Scott Fitzgerald's Taste of France Recipies inspired by the cafes and bars of Fitzgerald's Paris and the Riviera in the 1920s by Carol Hylker

F.Scott Fitzgerald's
Taste of France Recipies inspired by the cafes and bars of Fitzgerald's Paris and the Riviera in the 1920s is a cookbook written by Carol Hilker and published by Cico Books. A splash in the french culinary past and present without forgetting the evolution that food and drinks had, thanks to the arrival in Paris and in the Riviera of a lot of Americans in the 1920s.
The so-called famous drink Bloody Mary was invented in Paris; the most famous french bread the baguette didn't exist 'till the 1920s and was introduced because a fast bread ready for breakfast.
Divided in sections: Breakfast, Luncheon, Horse D'Ouvres, Soup and Salad, Dinner, Dessert and Baking, Drinks the author will tell us beautiful anedocts of the couple Zelda-Francis Scott Fitzgerald, at the same time introducing us the favorite dishes of their friends as well. We will discover that, if Fitzgerald and Hemingway loved a robust breakfast with ham and egg, Zelda appreciated the most Buttermilk Biscuits while James Joyce went crazy for hot chocolate and Café au Lait.
A dish introduced thanks to the arrival and influence of Americans in France in the 1920s was the devil egg salad sandwich, before not existing.
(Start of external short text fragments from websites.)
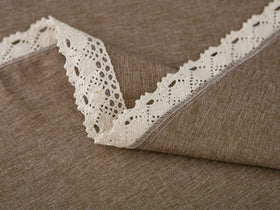 Stain-resistant tablecloth in a dining setting with lace trim detail.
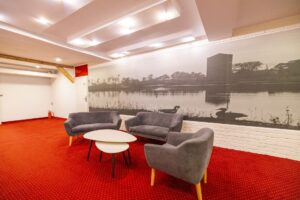 szare kanapy i fotel przy małym białym stoliku, w tle duży czarno-biały obraz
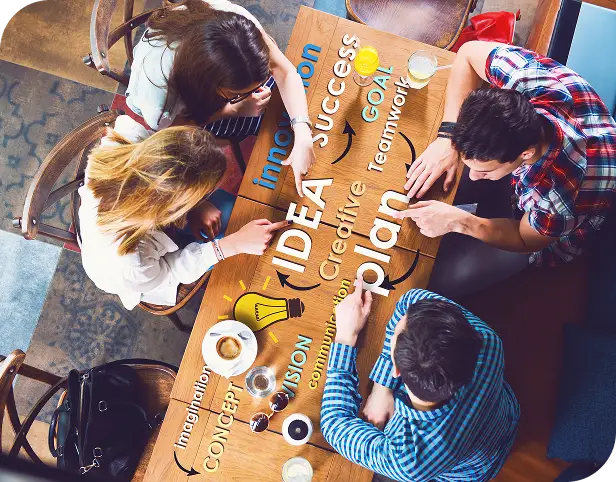 Vista aérea de un grupo de personas reunidas alrededor de una mesa con las palabras "idea", "creativo", "plan" y "concepto" escritas. Representa una sesión de lluvia de ideas o planificación estratégica.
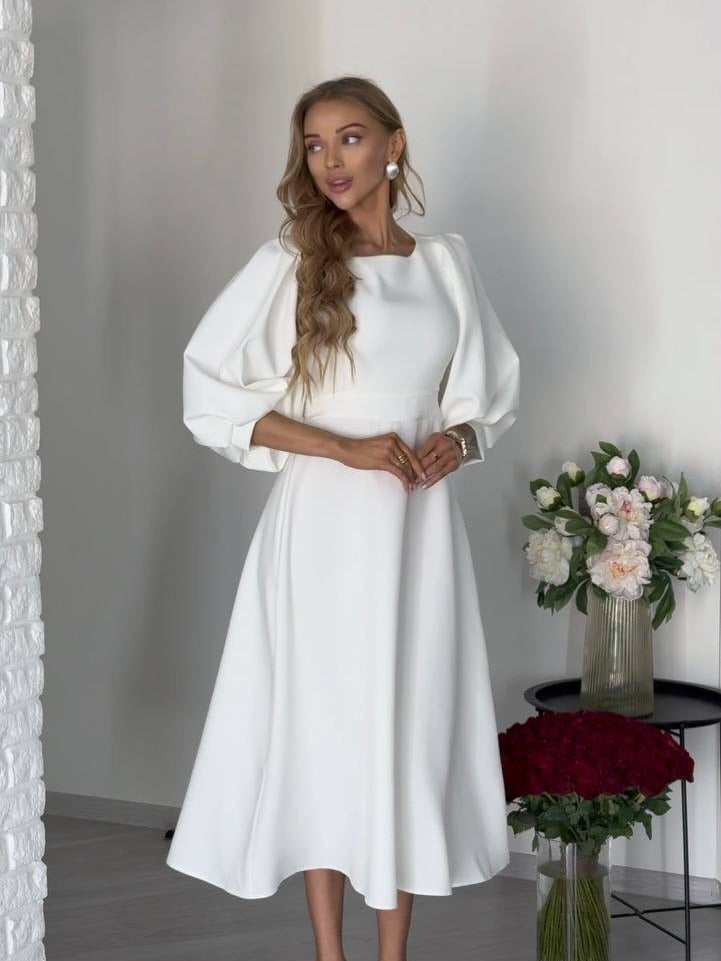 Women's midi dress with open back cutout, voluminous puff sleeves and tie belt Mune Fashion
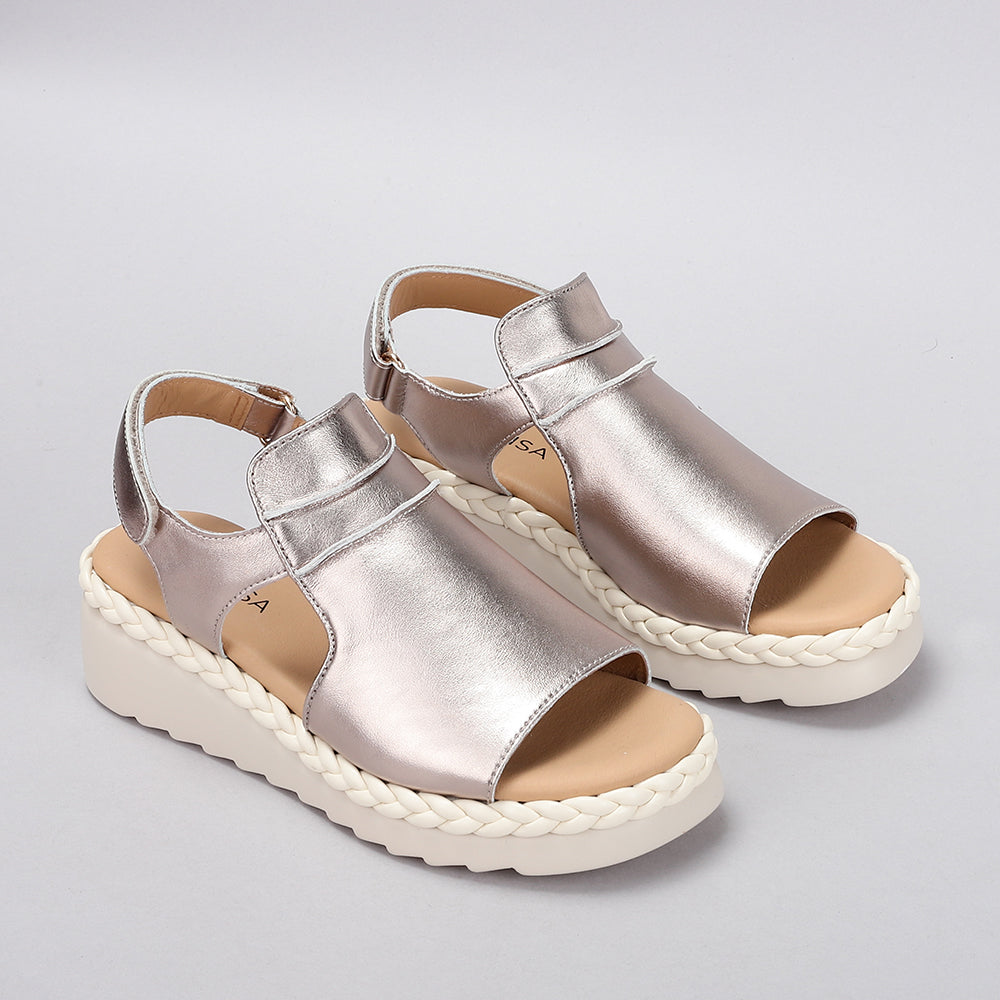 Le Sansa Sansa Emmeline Gold sandals with strappy design and gold finish, displayed on a neutral background.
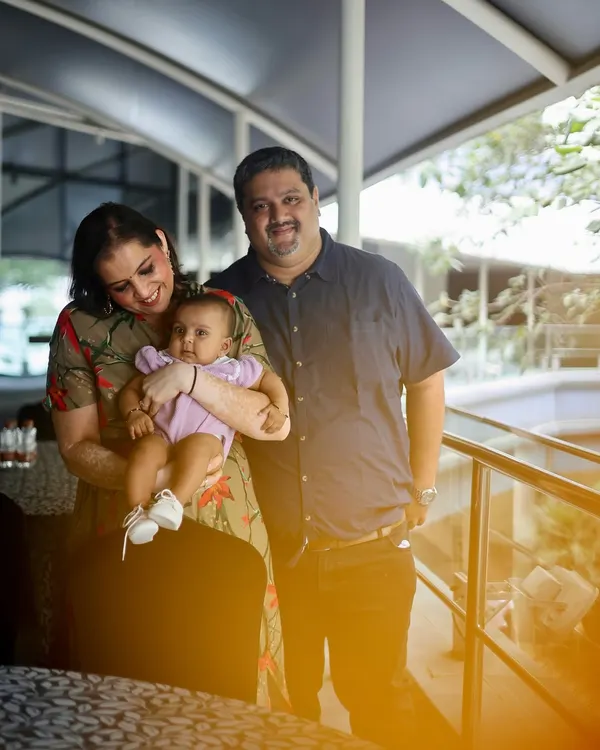 A candid moment of a new family. I love capturing these simple, happy portraits of parents with their baby.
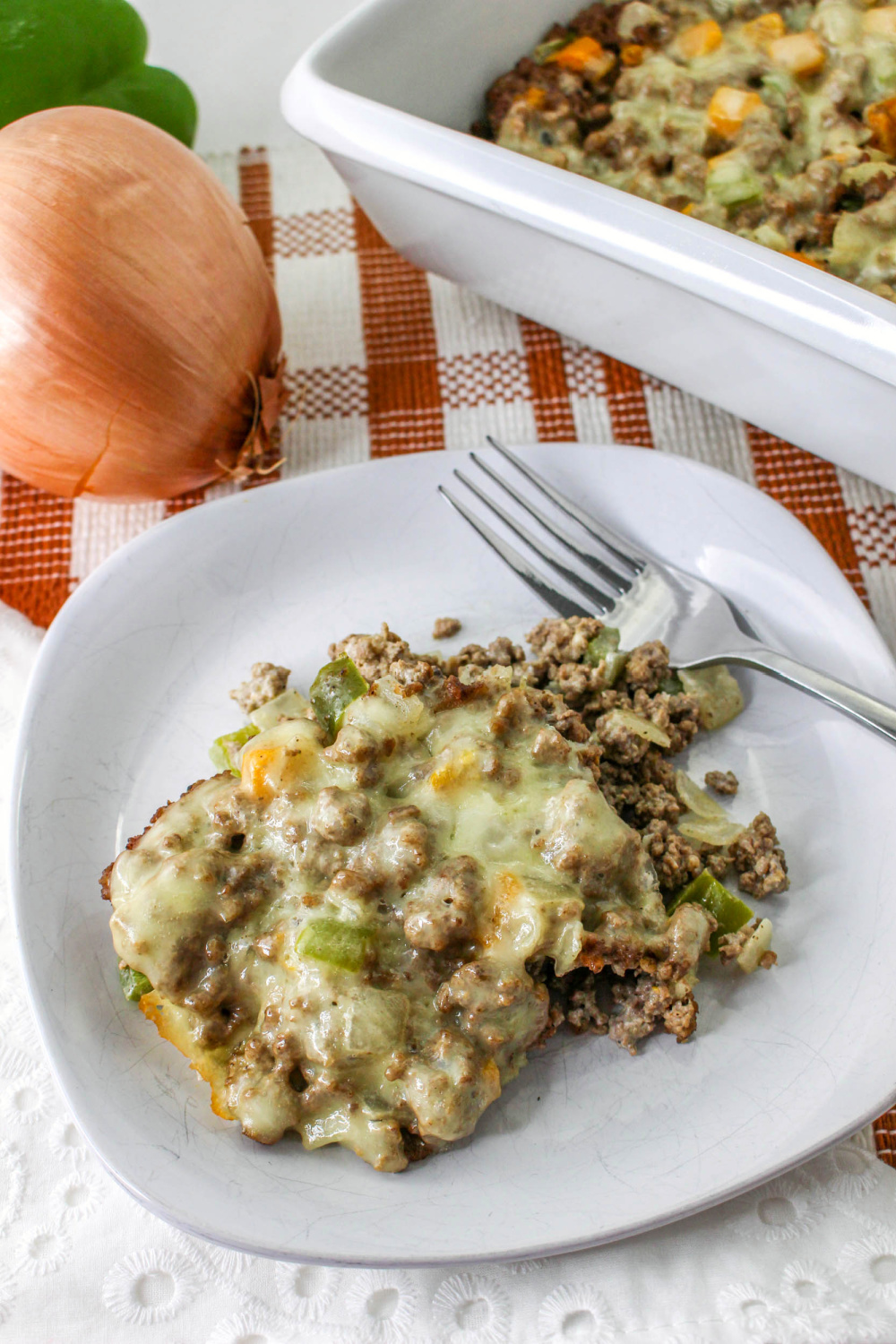 Philly Steak and Cheese Casserole on a white plate with a fork.
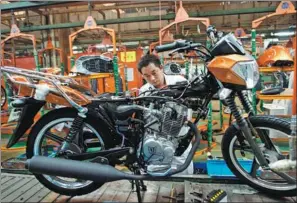  ?? PROVIDED TO CHINA DAILY ?? A QJiang Motorcycle employee works on an assembly line in Taizhou, Zhejiang province.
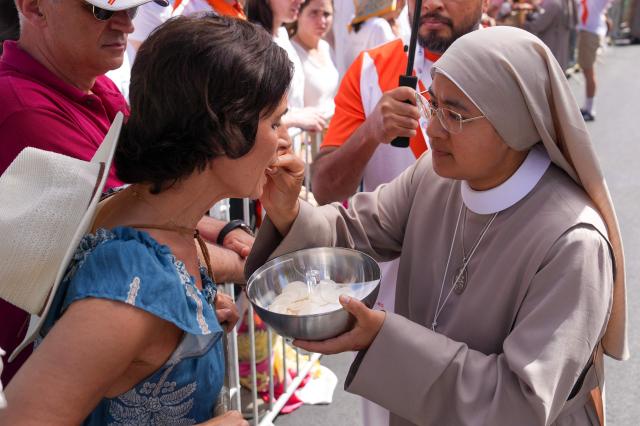A woman receives holy communion during the Holy Mass lead by Pope Leo XIV in the Plaza de Cibeles in Madrid on June 7, 2026. Pope Leo XIV is visiting Spain June 6-12 with stops in Madrid, Barcelona, and the Canary Islands, where he will meet with migrants and organisations dedicated to helping them. (Photo by Cesar MANSO / AFP)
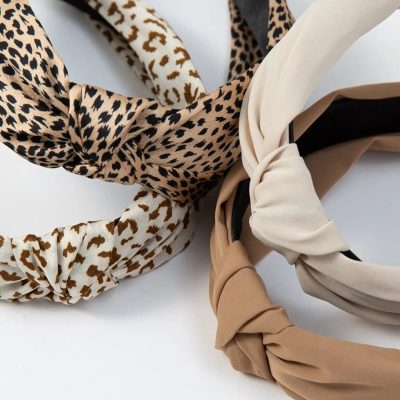 Soft leopard print headbands with elegant knotted design, ideal for stylish accessories and hair styling. Perfect for casual or formal wear, available at Monalisa Store.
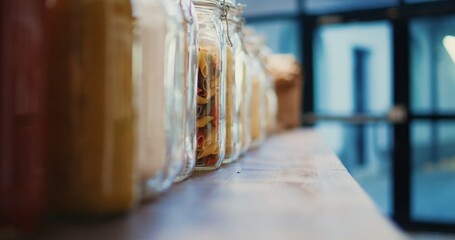 Selective focus of bulk products stored in recyclable jars used to support sustainable lifestyle and vegan nutrition. Zero waste farmers market to lower climate impact. Tripod shot. Close up.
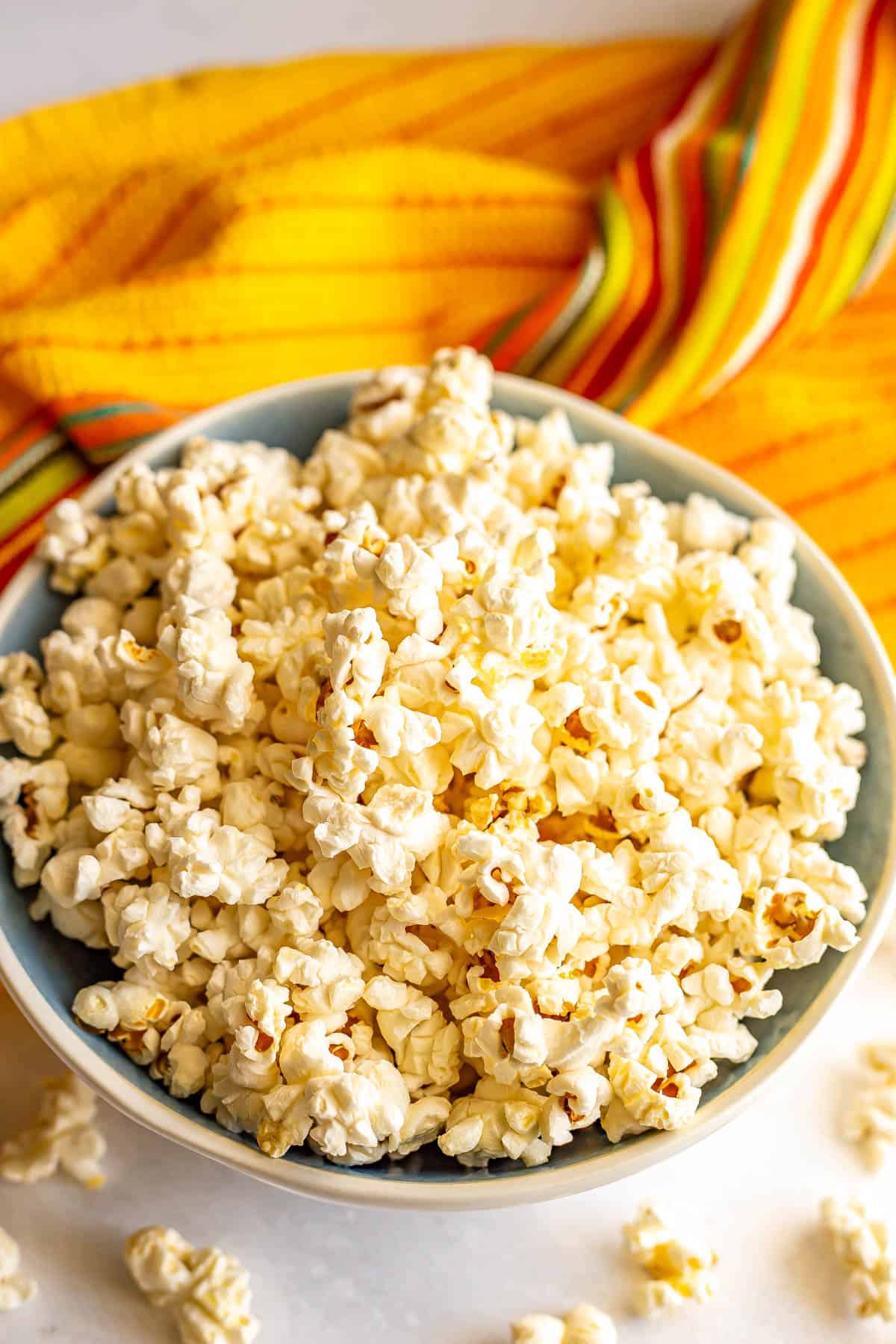 Homemade popcorn served in a blue and white bowl with a colorful yellow throw towel in the background.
Gertrude Stein went crazy for the roast beef picnic sandwich.
I found curious Sara Murphy's creamed corn risotto with poached eggs while the Pot au Feu was one of the dishes you could eat more often if invited at the house of Gertrude Stein for lunch.
Mentioned the escargots, we will learn how to cook a delicious Scott's tomato soup (great story behind), the James Joyce's Beef Tea, how to bake a wonderful baguette and a stunning Bouillabaisse; we will learn that one of the favorite dishes of T.S. Eliot was the duck a l'Orange. Alice Toklas, the companion of Gertrude Stein was a great cook: she loved to bake often butter cookies for the guests. I signal also a butter tea cake, strawberry with balsamic cream and the Cherry Clafoutis.

Wonderful and yummy pictures, each recipe is accompagnied by a picture and an exaustive explanation. If you love literature and these authors, I am more than sure that this book can be absolutely indispensible for you for preparing a launcheon at theme: "Taste of Food of the Jazz Age" you can call the event.